(Pictures with short captions)
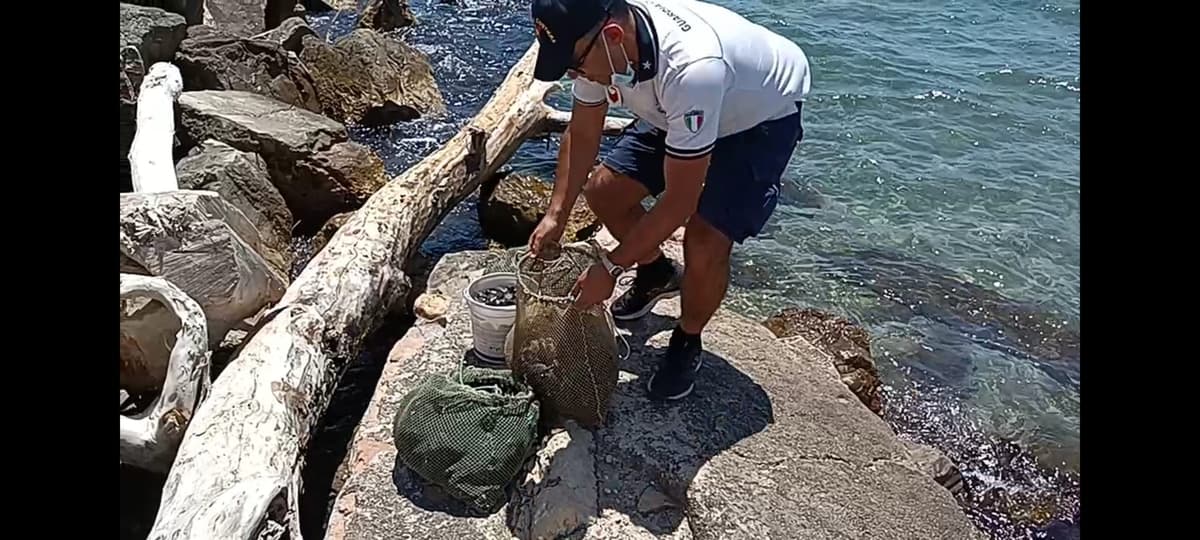 Formia, sequestrati 50 kg di cozze raccolte in porto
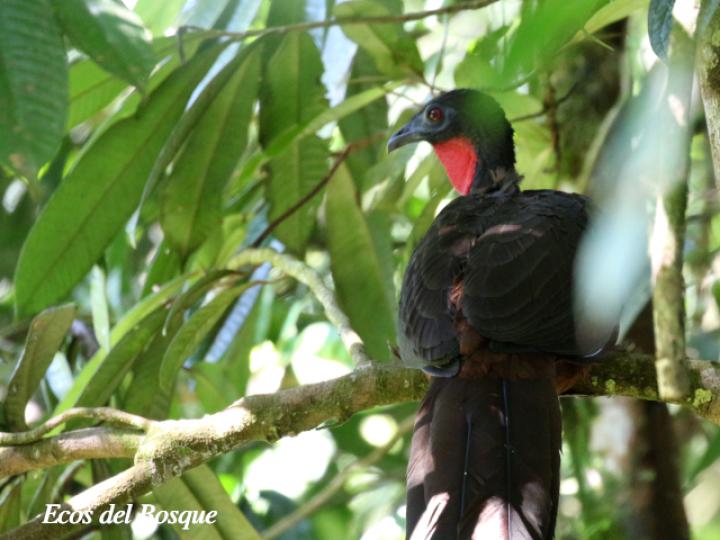 Pava en Ardisia fimbrillifera
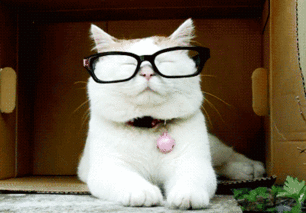 猫咪 戴眼镜 铃铛 可爱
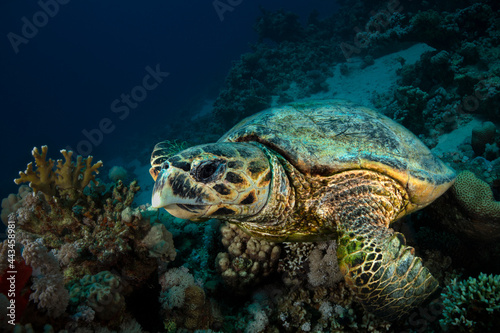  Hawksbill sea turtle (Eretmochelys imbricata). Underwater Red Sea seascape. Coral reef near Makadi Bay, Egypt © Oksana
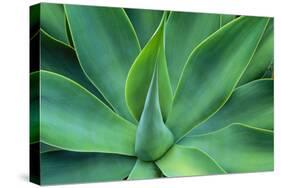 Agave Leaves-null-Stretched Canvas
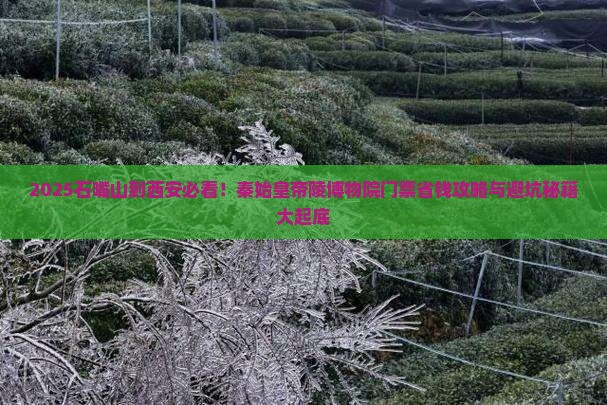 石嘴山到西安秦始皇帝陵博物院门票
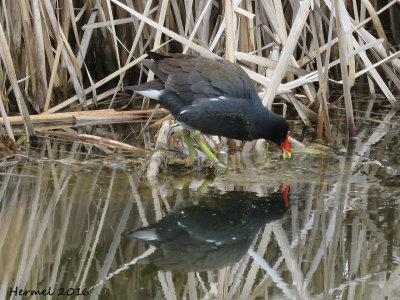 Galinule d'Amrique - Common Moorehen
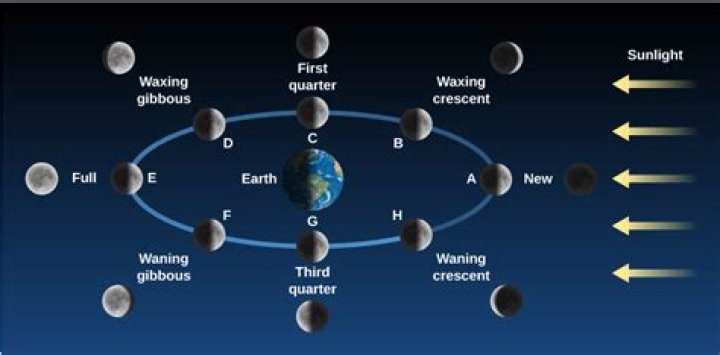 when is the moon at its highest point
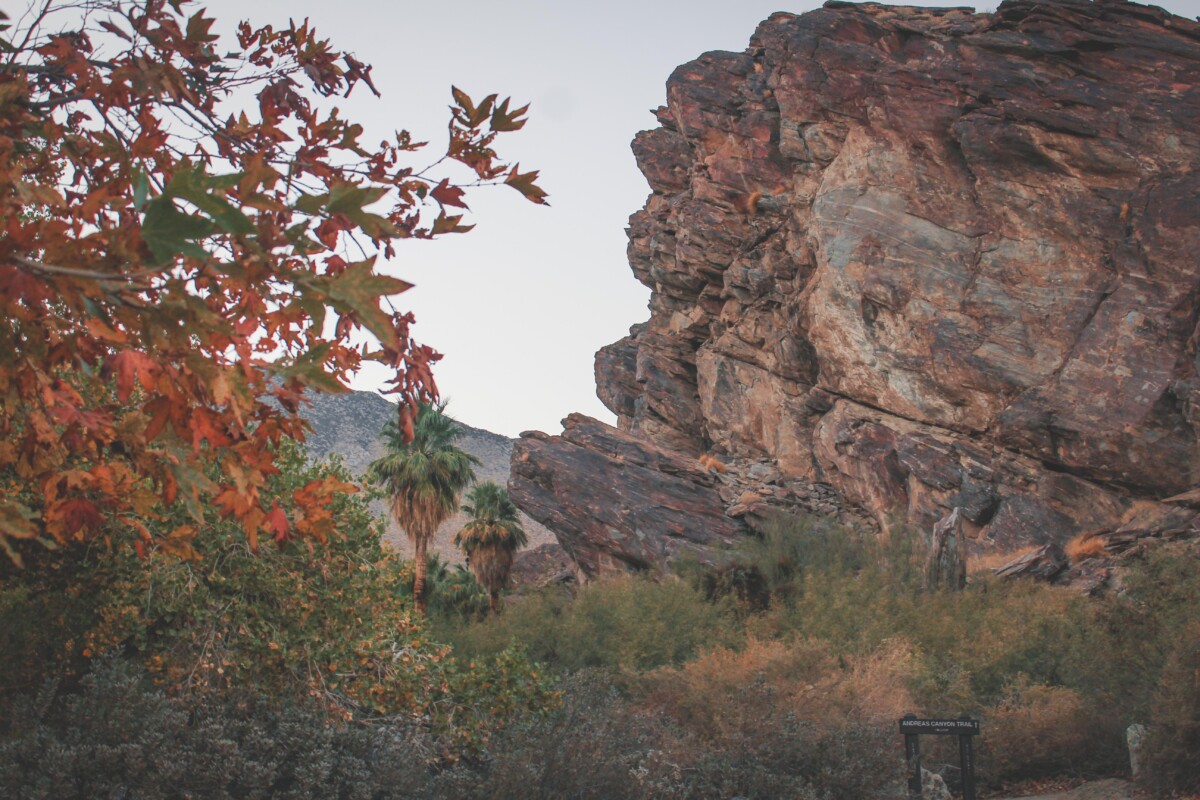 real life pride rock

*EXERCISE PROMPT*
What the reply must contain is an exact transcription of the data above and none of its pictures.

*OUTPUT FOR THIS TASK*
 Formia, sequestrati 50 kg di cozze raccolte in porto
 Pava en Ardisia fimbrillifera
 猫咪 戴眼镜 铃铛 可爱
  Hawksbill sea turtle (Eretmochelys imbricata). Underwater Red Sea seascape. Coral reef near Makadi Bay, Egypt © Oksana
 Agave Leaves-null-Stretched Canvas
 石嘴山到西安秦始皇帝陵博物院门票
 Galinule d'Amrique - Common Moorehen
 when is the moon at its highest point
 real life pride rock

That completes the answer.